The tutorial requires access to a GPU-accelerated IBM Power® Systems server model AC922 or S822LC. In addition to acquiring a server, there are multiple options to access Power Systems servers listed on the IBM PowerAI developer portal.
Task 1: Configure the resource groups
Log on as the cluster Admin user.
Open the Resource Group configuration.
Select the ComputeHosts resource group.
Properly configure the number of slots to a value that makes sense. If the server is an 8-thread capable system, use 7 number of processors. If it’s a 4-thread capable system, go with 3 number of processors.

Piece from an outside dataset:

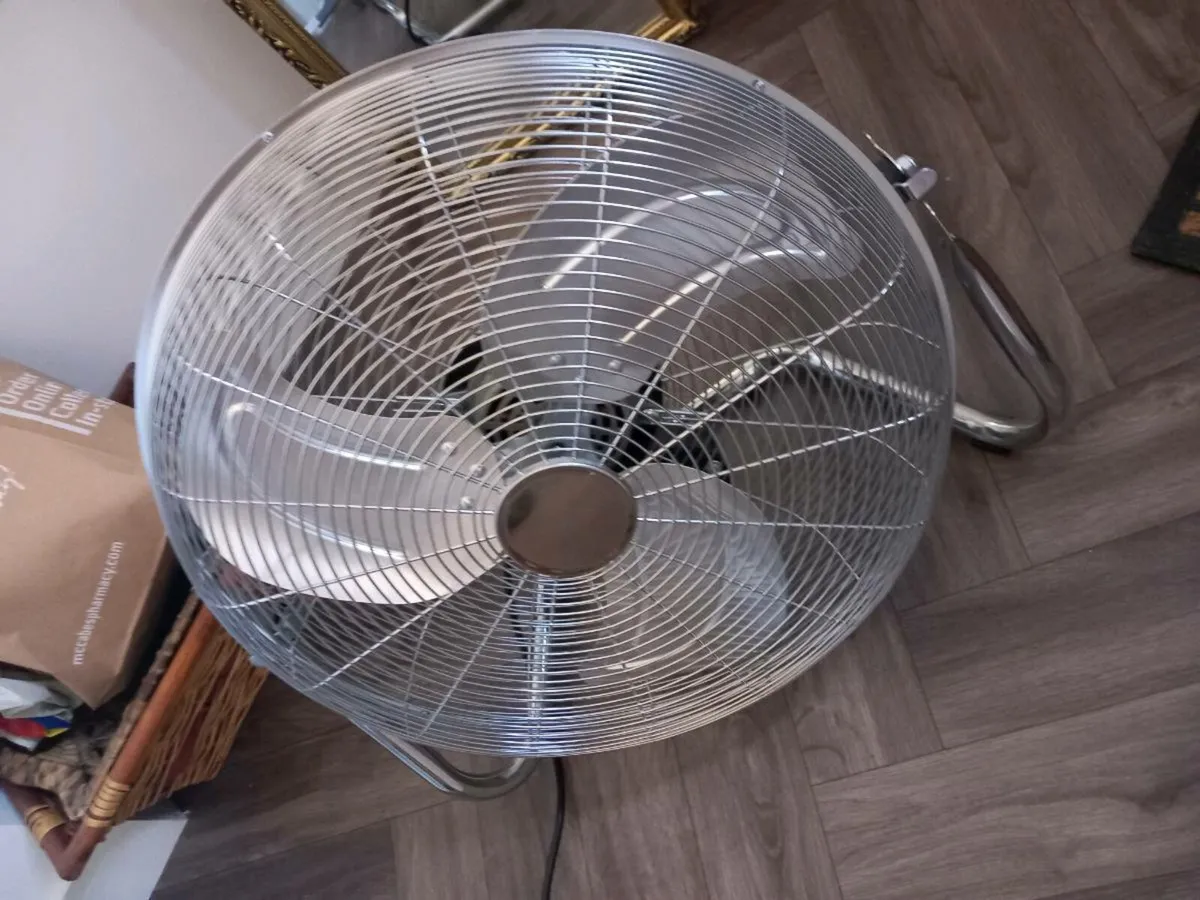 Fan - Image 4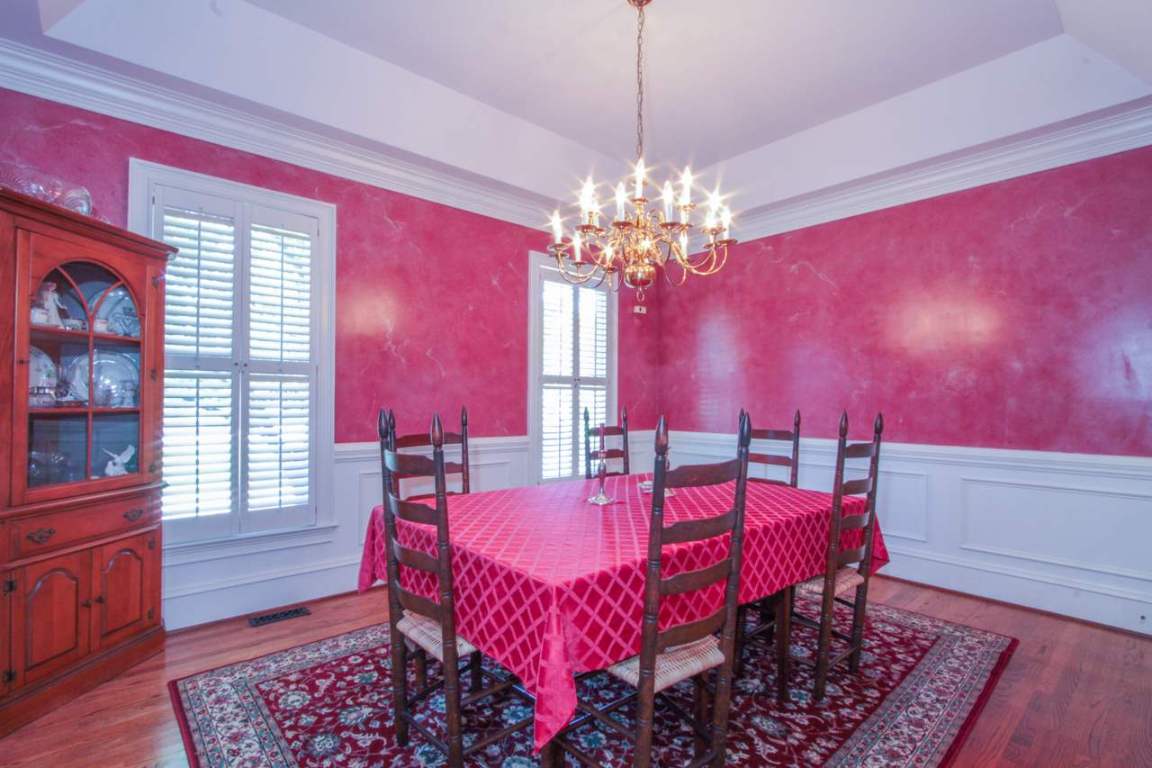 214 Terrace Drive Anderson, SC 29621 - Photo 8 of 36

Optional, but recommended, change the resource selection method to static, and then select only the servers that will provide computing power (processor power) to the cluster.
Click Apply to commit the changes.
Create a new resource group.
Call it GPUHosts.
The number of slots should use the advanced formula and equals the number of GPUs on the systems by using the keyword ngpus.
Optionally, but recommended, change the resource selection method to static and select the nodes that are GPU-capable.
Under the Members Host column, click preferences and select the attribute ngpus to be displayed.
Click Apply and validate that the Members Host column now displays ngpus.
Finish the creation of the resource group by clicking Create.
Go to Resources -> Resource Planning (slot) -> Resource Plan.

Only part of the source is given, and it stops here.